That graph network is constructed in almost the same way as how popular social media networks were built, such as Facebook and Twitter, where millions of people are linked to each other. Instead of connecting personal accounts to the ones of other Facebook friends or Twitter followers, the Open Tree of Life network links species based on their evolutionary relationships.

“There will be a full-running system before the summer”

“With such a large amount of data it is important for social media companies to learn how those networks can retrieve information swiftly,” explains Smith. “We are basically doing the same thing, trying to connect the dots in a meaningful way and as efficient as possible for the researchers that will be using the software.”
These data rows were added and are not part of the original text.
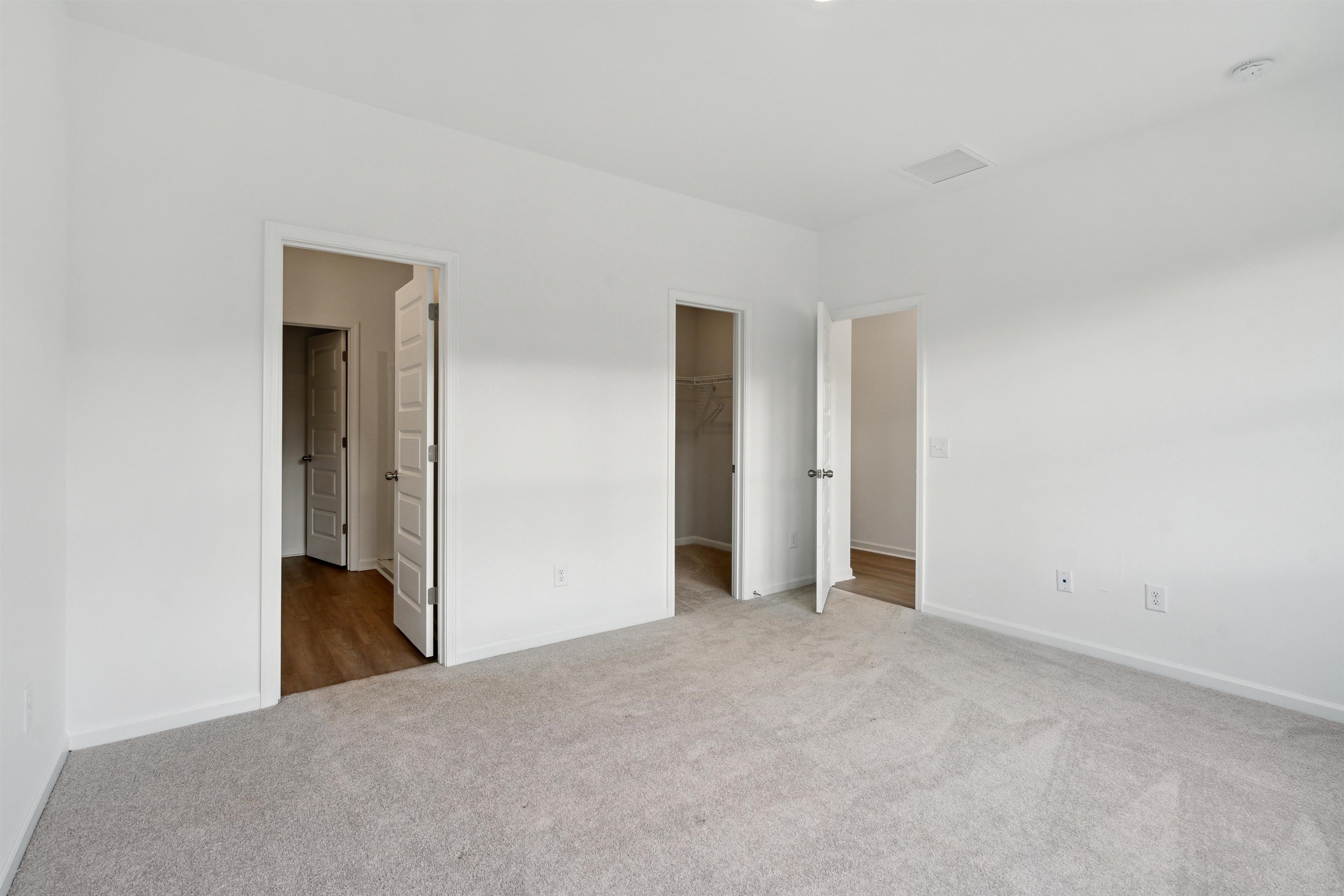 333 Deer Ridge Way Property Photo 7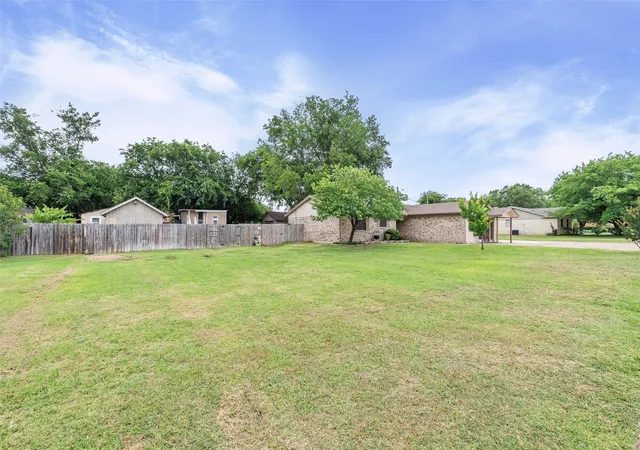 Homes for sale in Granbury, TX | 2015 Roberts Dr, Granbury, TX 76048 | MLS# 21289938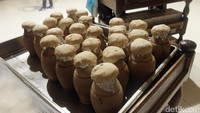 Foto: Kebab dikenal sebagai makanan khas orang Turki. Namun, ada makanan Cappadocia, Turki, yang enak rasanya dan mungkin cocok bagi lidah orang Indonesia yaitu kebab pottery (Rois Jajeli/detikTravel)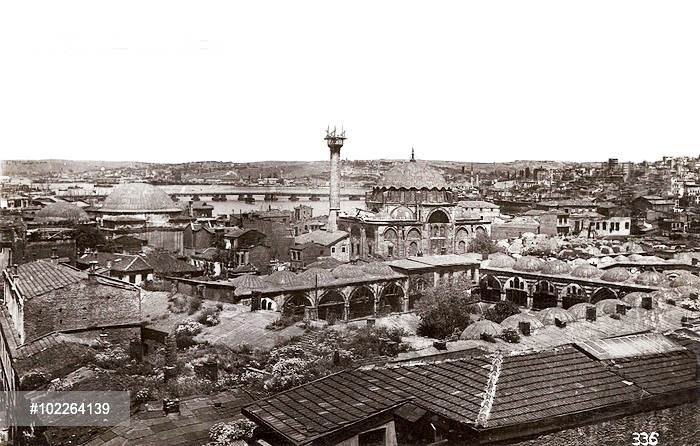 Balkapanı Hanı ve Rüstem Paşa Camii.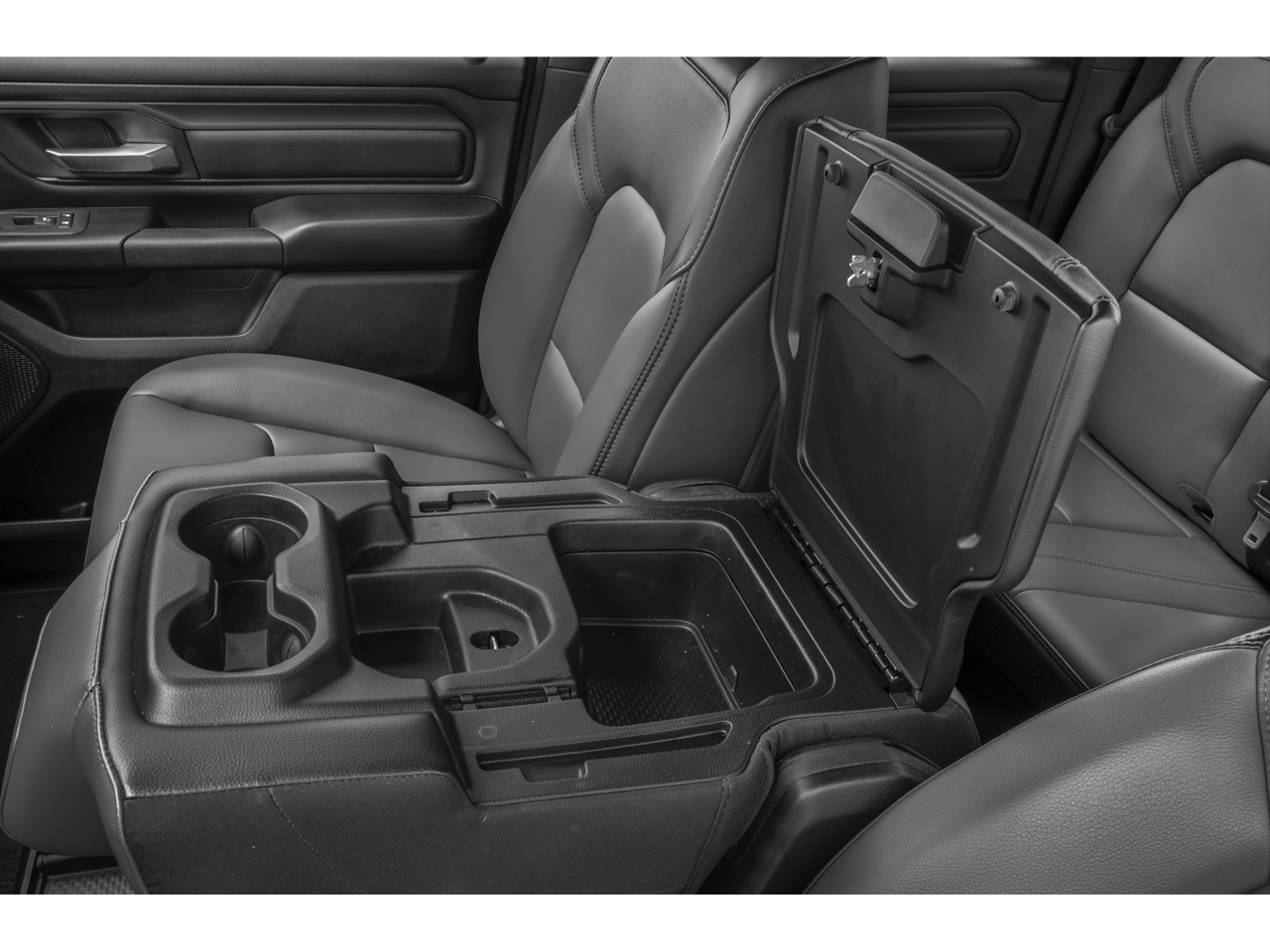 2025 RAM 1500 HFE Quad Cab 4x2 6'4' Box
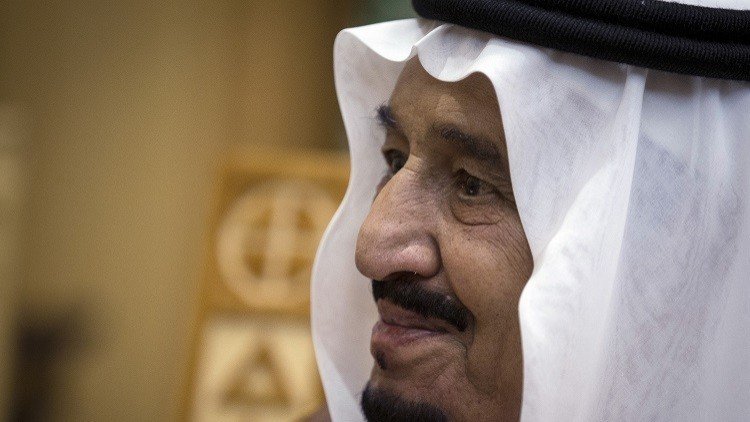 الملك السعودي ضمن العشر الأوائل للتغريدات الأكثر ترددا على "تويتر"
Smith and his colleagues have set August of next year as the deadline for presenting the first draft of the Open Tree of Life. But the team needs to have the software running much earlier to be able to test it. “We need a working back-end ready in a couple months, because we want a full-running system before the summer. That is completely possible and we are working hard to get much done quickly so we can hit that later deadline. If we have a relatively well-working back-end around new years, then we can do a lot of bug testing to get it all worked out before we are supposed to be ready.”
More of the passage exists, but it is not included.